_Task statement_
Copy out the data below from the line containing "Okay, sometimes we" to the line containing "Since r1 and", both lines included, with all images left out.

_Data supplied_
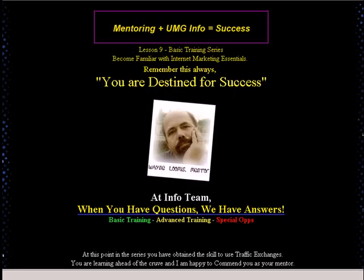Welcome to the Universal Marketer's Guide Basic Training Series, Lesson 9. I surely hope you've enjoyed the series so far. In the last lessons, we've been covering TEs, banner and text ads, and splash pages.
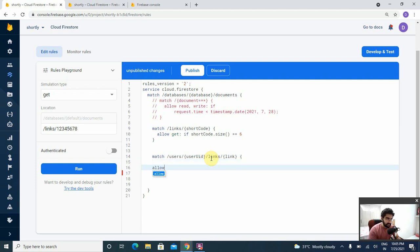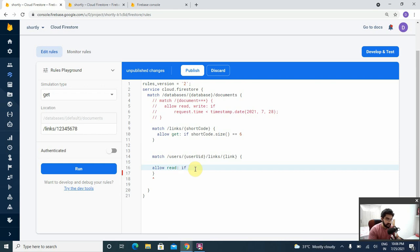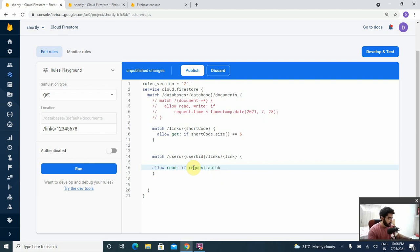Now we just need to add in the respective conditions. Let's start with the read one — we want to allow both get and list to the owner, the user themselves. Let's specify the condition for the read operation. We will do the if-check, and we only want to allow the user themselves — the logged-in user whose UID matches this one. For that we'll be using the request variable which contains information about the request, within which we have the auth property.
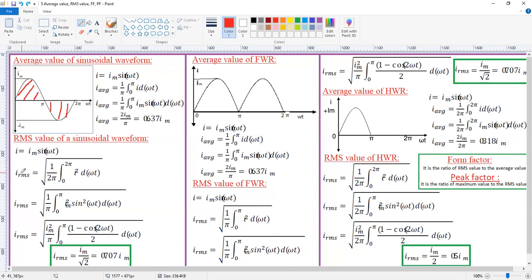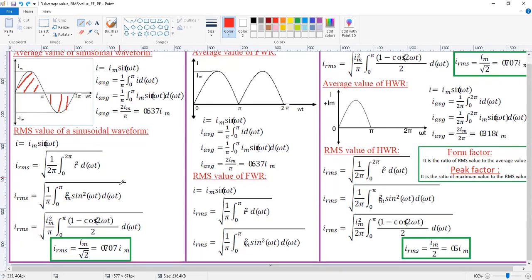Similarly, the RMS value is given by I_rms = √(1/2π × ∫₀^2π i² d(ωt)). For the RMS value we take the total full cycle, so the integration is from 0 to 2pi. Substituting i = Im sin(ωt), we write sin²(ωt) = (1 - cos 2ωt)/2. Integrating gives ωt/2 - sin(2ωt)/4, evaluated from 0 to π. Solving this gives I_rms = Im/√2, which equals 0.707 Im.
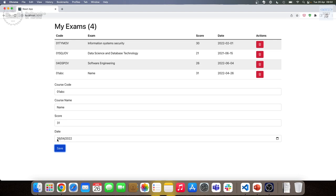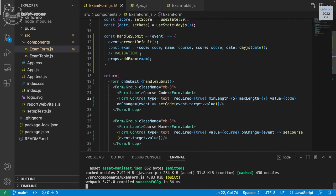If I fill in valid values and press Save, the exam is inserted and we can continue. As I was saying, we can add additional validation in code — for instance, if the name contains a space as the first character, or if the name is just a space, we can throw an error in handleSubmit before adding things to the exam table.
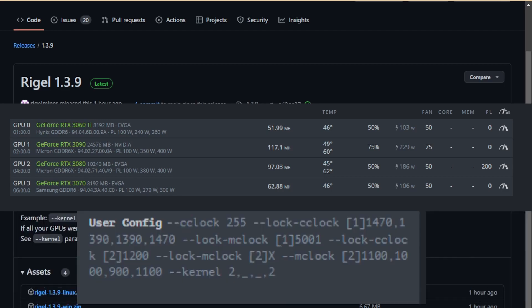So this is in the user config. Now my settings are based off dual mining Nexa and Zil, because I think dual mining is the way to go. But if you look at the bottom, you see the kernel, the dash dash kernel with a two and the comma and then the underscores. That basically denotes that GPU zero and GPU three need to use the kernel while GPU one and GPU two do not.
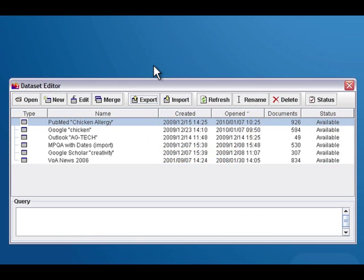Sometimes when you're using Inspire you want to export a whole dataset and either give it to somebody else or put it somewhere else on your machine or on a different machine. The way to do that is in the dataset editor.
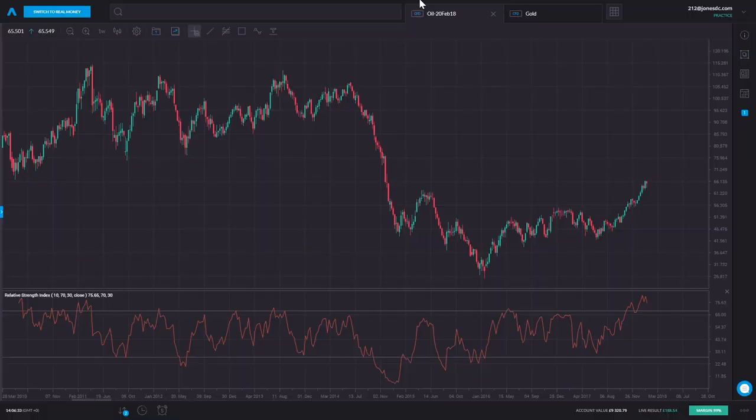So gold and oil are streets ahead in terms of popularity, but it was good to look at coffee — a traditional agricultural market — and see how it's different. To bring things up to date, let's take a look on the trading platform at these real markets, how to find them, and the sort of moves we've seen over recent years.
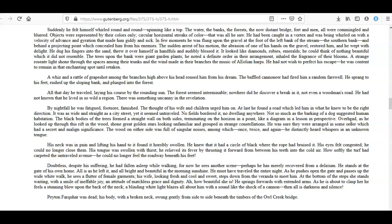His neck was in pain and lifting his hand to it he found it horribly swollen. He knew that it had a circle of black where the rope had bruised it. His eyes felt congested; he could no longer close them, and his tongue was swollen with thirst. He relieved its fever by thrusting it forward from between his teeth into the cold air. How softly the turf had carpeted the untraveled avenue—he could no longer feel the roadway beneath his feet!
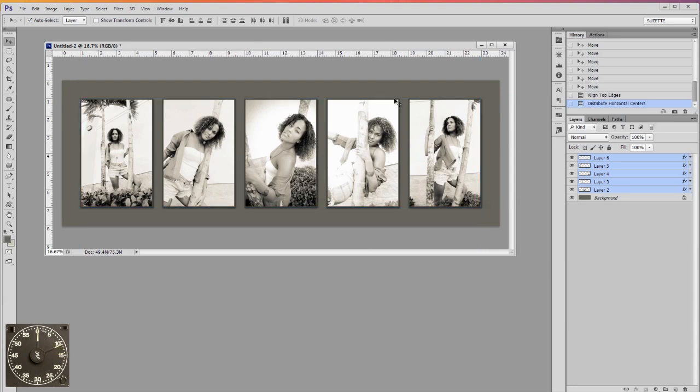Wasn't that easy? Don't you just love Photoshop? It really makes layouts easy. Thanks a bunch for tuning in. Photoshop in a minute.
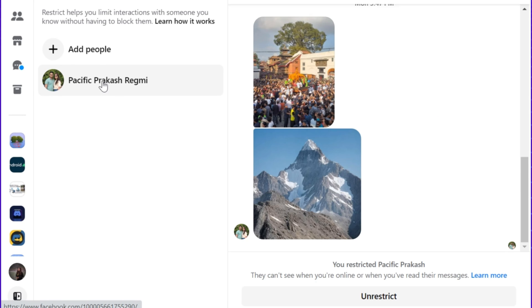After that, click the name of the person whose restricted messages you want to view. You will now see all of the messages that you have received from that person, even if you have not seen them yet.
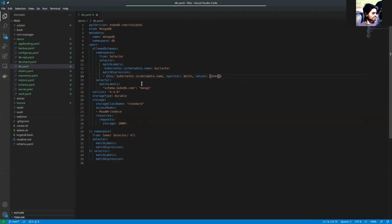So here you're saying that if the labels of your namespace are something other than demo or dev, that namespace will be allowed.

---

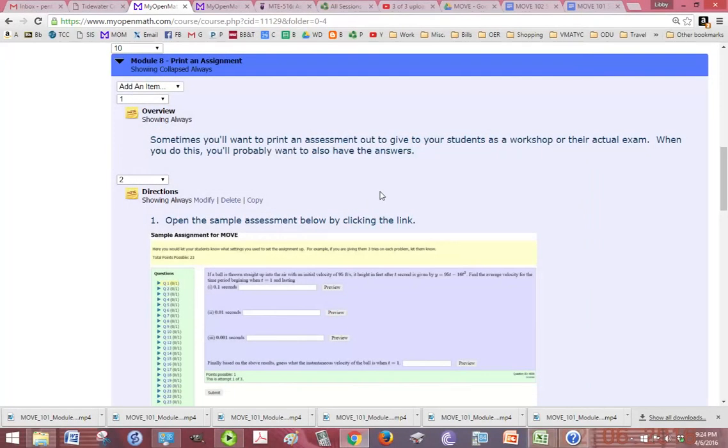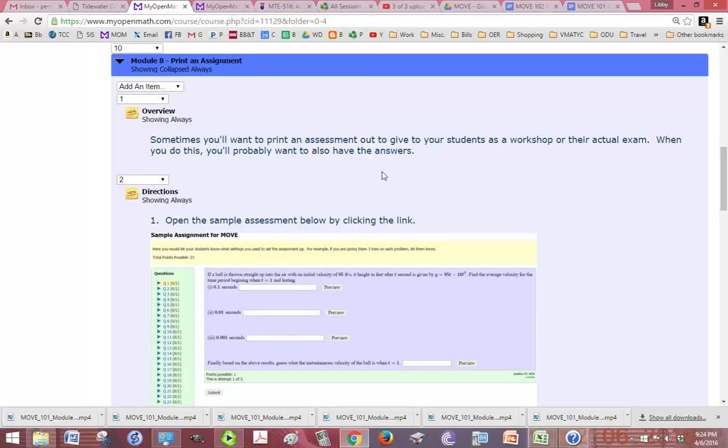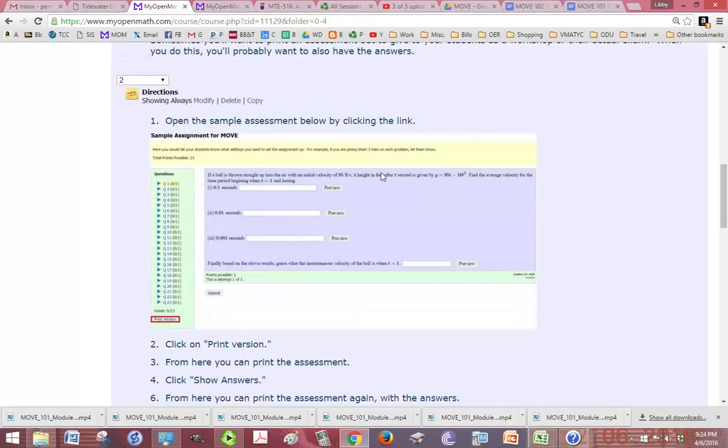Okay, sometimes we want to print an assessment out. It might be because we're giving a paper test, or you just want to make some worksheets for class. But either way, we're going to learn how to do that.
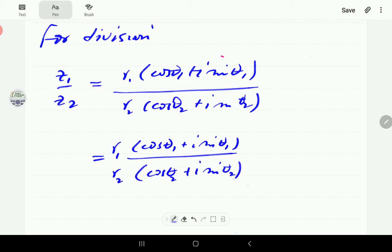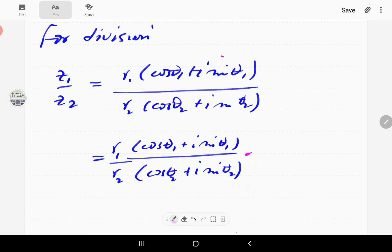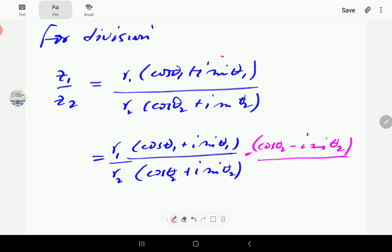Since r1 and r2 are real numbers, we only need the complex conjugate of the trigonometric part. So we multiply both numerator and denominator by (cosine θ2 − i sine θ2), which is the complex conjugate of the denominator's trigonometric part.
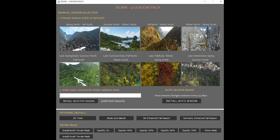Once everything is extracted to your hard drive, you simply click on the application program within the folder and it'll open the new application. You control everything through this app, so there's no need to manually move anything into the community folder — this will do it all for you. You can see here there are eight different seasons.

_Written response_
Okay, sometimes we want to print an assessment out. It might be because we're giving a paper test, or you just want to make some worksheets for class. But either way, we're going to learn how to do that.
Since r1 and r2 are real numbers, we only need the complex conjugate of the trigonometric part. So we multiply both numerator and denominator by (cosine θ2 − i sine θ2), which is the complex conjugate of the denominator's trigonometric part.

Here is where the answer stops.